South Korea's main aviation gateway Incheon said yesterday it planned to jump into Asia's booming budget aviation market through ties with Tiger Airways of Singapore.
The city plans to use the major international airport 40km west of Seoul as a base for low-cost international and domestic flights.
"Talks are under way with Tiger Airways on setting up a budget carrier joint venture," said Lee Sang-wook, an official at the city's maritime, airport and distribution bureau.
"It is still unclear when a deal will be done," he said.
Tiger Airways, established in 2004, flies to more than 25 destinations in eight Asia-Pacific countries. Tiger Aviation Group is 49-percent owned by Singapore Airlines.
The Korea Times reported that Incheon would apply to launch a carrier by 2010 after signing a memorandum of understanding with Tiger Airways this month.
With 20 billion won (US$22 million) in capital, the joint venture will be owned 49 percent by Tiger Airways and 51 percent by the city, it said.
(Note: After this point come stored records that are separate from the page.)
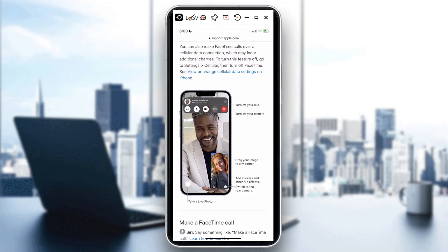Hi guys, welcome back to our channel. In today's video I will show you how to switch camera in FaceTime. You know when you're using other apps and doing video calls, you do have a very simple way to flip or switch your camera, and it's pretty much the same when you're doing FaceTime.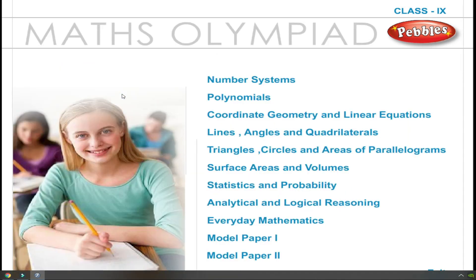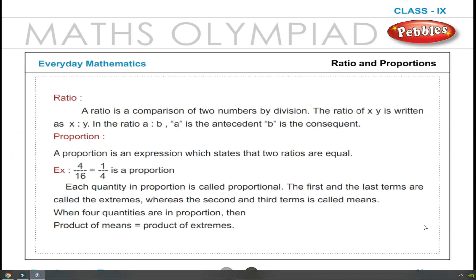Maths Olympiad Class 9 Everyday Mathematics: Ratio and Proportions. A ratio is a comparison of two numbers by division. The ratio of x to y is written as x is to y. In the ratio a is to b, a is the antecedent and b is the consequent.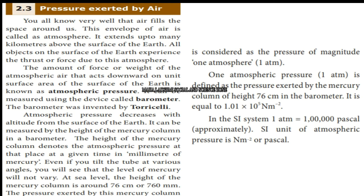The pressure exerted by air: the atmosphere surrounds the earth to a great height, and its pressure acts on the surface of the earth. All objects on the surface of the earth experience the thrust or force due to this atmosphere. The amount of force or weight of the atmospheric air that acts downward on the unit surface area of the earth is called atmospheric pressure.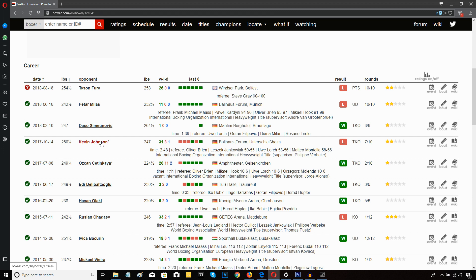Tyson Fury, people say he carried Pianeta, he wanted the rounds and all this kind of stuff. Look, Fury showed that he can still switch hit. He showed that movement, the upper body movement, the slipping and sliding, the defense and all that kind of stuff. He looked like a fighter who has great skills but right now is physically in a bad place.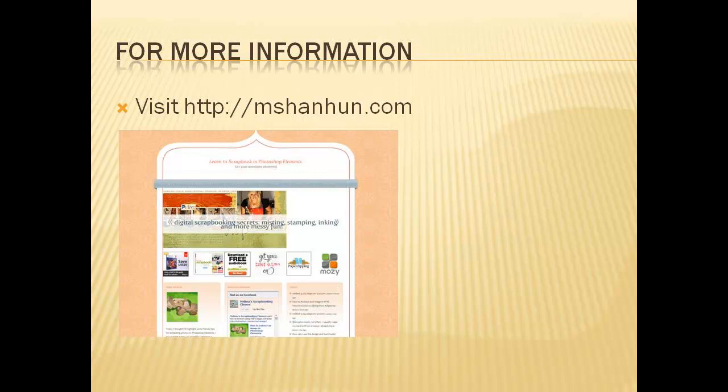For more information on how to use Photoshop Elements in your scrapbooking, visit my site at mshanhun.com.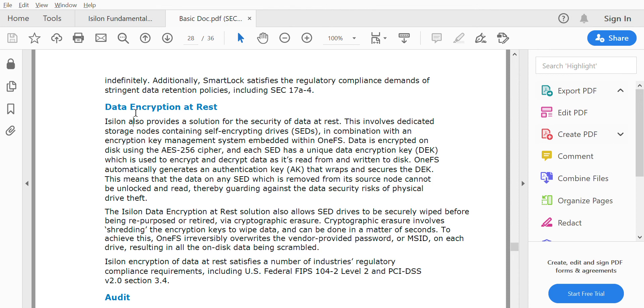That's all about Data Encryption at Rest. We'll see more in the next lecture.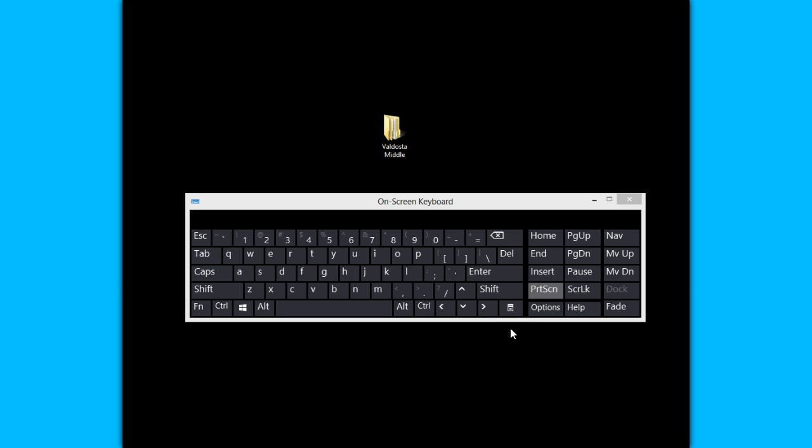First of all, the print screen key is on your keyboard up next to the F12 button. So I'm looking at my on-screen keyboard and here's my print screen key right here.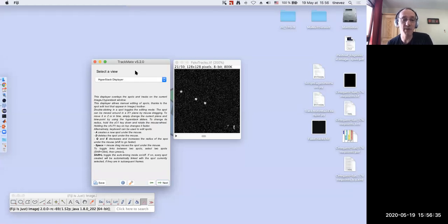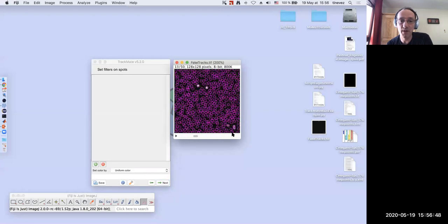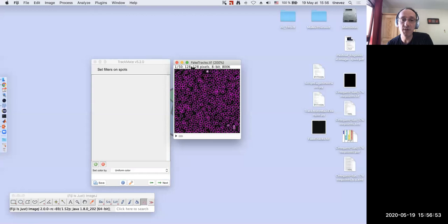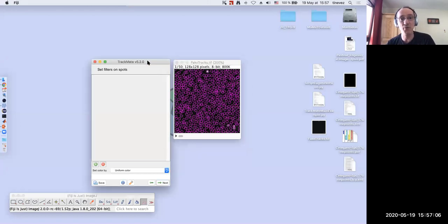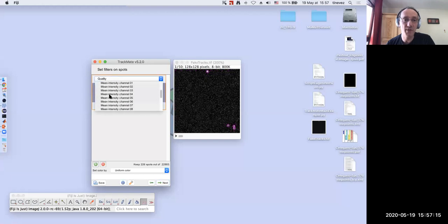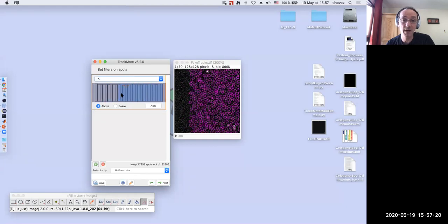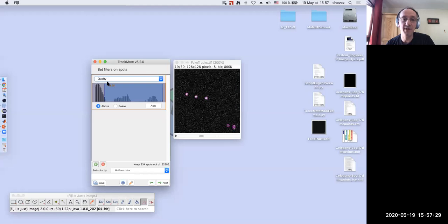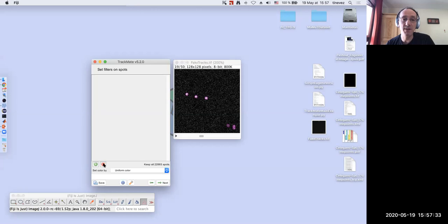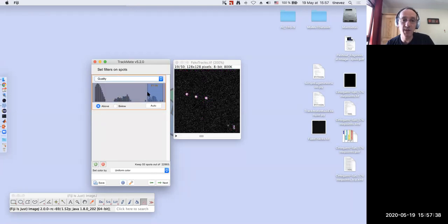After that, you select a view to display results — the hyperstack view displays results overlaid on your image. We have plenty of spurious spots, so you need to put filters to reject them. Click the plus button to access filters — you can filter on quality, X position, or many other features. If I put a quality filter here, I have only valid spots. Importantly, this is reversible — you can always go back and adjust the threshold.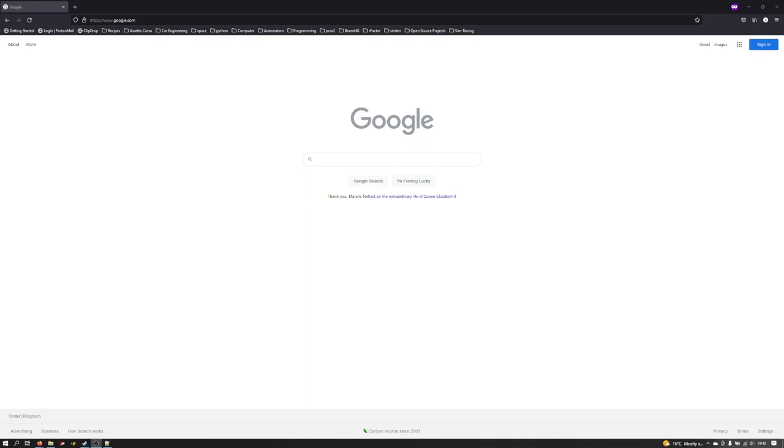First things first, if you would prefer to follow a tutorial in a browser in a written form, I've got a written tutorial which I've placed a link to in the video description. Otherwise if you do like this video format I'll run through the process with you.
Incheon plans to operate domestic routes for about a year and then start flights to Japan and China with five Airbus A320s or Boeing 737s, it said.
The city has yet to win approval from the Ministry of Construction and Transportation, which places tight restrictions on the airline industry.
The ministry has introduced a safety-watch list of carriers with a high risk of accidents.
It plans new regulations that would require airlines to operate domestic routes for at least three years without major accidents before launching international operations.
Incheon officials insisted the government should allow free competition in the budget aviation market, citing "aggressive marketing" by Asian rivals.
Chinese and Southeast Asian low-budget carriers are selling tickets 50 percent cheaper than Korean Air on routes to China, they said.
"The global budget carrier market is growing rapidly. Restrictions will only allow foreign rivals to expand their market share in this region," a city official said on condition of anonymity.
"We are ready to fully meet international standards through thorough preparations," the official said.
Discount carriers now make up 20 percent of the US and European air travel market and are expanding quickly in China and Southeast Asia.
South Korea has two low-budget domestic carriers. Top carrier Korean Air in June announced plans for a budget unit within three years.